Le deuxième élément, c'est que dans le cadre de travaux optimisant la performance énergétique d'un bâtiment existant - voilà, en vérité, le rapport avec la transition énergétique -, la demande de pièces ou de renseignements complémentaires motivée par le département ne suspend pas le délai. Cela a été dit par l'OAC: vu qu'ils fixent des échéances pour d'autres services - il est clair que l'OAC n'est pas le seul à se prononcer, d'autres services s'expriment sur les autorisations de construire -, il arrive que certains services attendent, dans le cadre d'une demande définitive - pas d'une APA, surtout d'une demande définitive -, vingt-huit jours pour soumettre une modification du projet; comme ça, ils remplissent leur mission, respectent le délai des trente jours exigé par l'OAC, mais ça ne permet pas à l'OAC de rendre une décision dans les temps, ça ralentit toute la procédure.

On prend toujours les médianes ou les moyennes comme exemples. Bon, l'Etat préfère citer les moyennes, parce que ça tire un petit peu les chiffres vers le bas, mais en termes de médiane, on est à cinquante-quatre jours... Enfin, on est à quarante et un jours pour les autorisations par procédure accélérée alors qu'on devrait être à trente; pour le reste, on est à septante-six jours alors qu'on devrait être à soixante. Alors je sais ce que le département va répondre: «Oui, mais c'est parce que les mandataires ne font pas forcément bien le travail.» Mais franchement, quand on en arrive au point de réclamer un complément parce qu'une couleur n'est pas correcte sur un plan, il y a mieux à faire, il y a vraiment mieux à faire.

Le but de ce projet de loi est ainsi de mettre un peu la pression sur le département; il n'est pas question d'exagérer, mais de demander à l'administration d'accélérer le processus quand elle doit rendre des décisions. L'idée est de simplifier les procédures, notamment dans le cadre de travaux de rénovation qui améliorent la performance énergétique. C'est pour cette raison, Mesdames et Messieurs, que je vous invite, pour le bien de ce canton et pour favoriser la transition énergétique, à accepter unanimement cet objet. Je vous remercie.

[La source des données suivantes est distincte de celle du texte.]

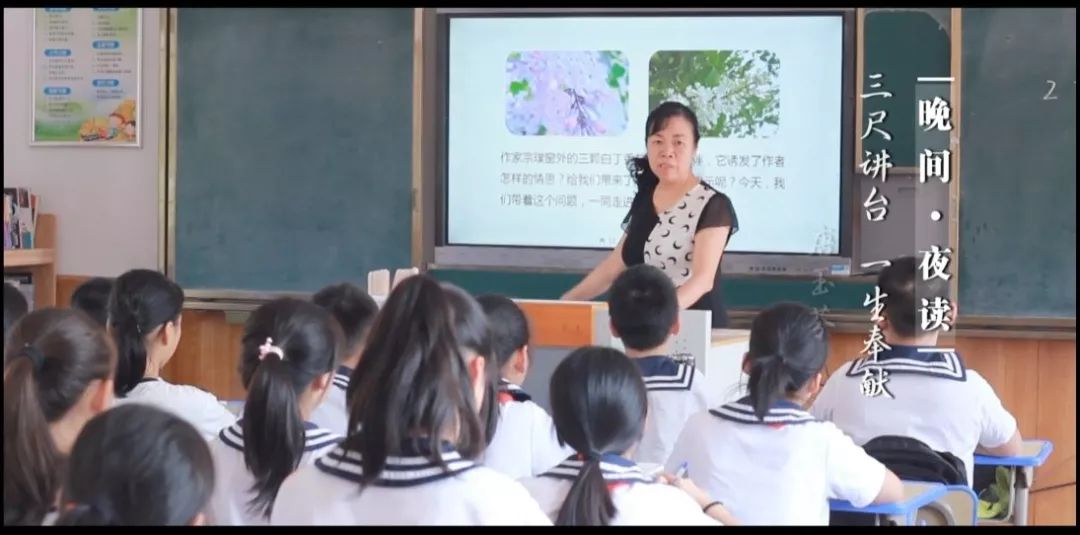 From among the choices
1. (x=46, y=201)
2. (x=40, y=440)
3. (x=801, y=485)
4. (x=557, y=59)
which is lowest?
(x=801, y=485)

M. Grégoire Carasso (S). Chers collègues, le groupe socialiste partage les objectifs de ce projet de loi. C'est assez limpide, surtout quand le titre qui nous est présenté se résume à «Favorisons la transition énergétique»; évidemment, ça crée du lien. Ça crée du lien prima facie, mais ensuite, lorsqu'on se penche sur la légistique et les dispositions mises en place, en réalité, on se rend compte que l'objectif des auteurs est évident, mais que les moyens mobilisés constituent tout sauf une évidence.

D'ailleurs, j'en veux pour preuve, avant de vous apporter quelques éléments matériels, que notre collègue du Centre disait en conclusion que si les objectifs du texte sont tout ce qu'il y a de plus salutaires, de vrais doutes subsistent quant aux moyens mobilisés par les auteurs, espérant au passage «que cela ne va pas se retourner contre eux». Pourquoi notre collègue du Centre, à la commission d'aménagement, tout en votant docilement le projet du grand frère PLR, nourrissait-il des craintes ?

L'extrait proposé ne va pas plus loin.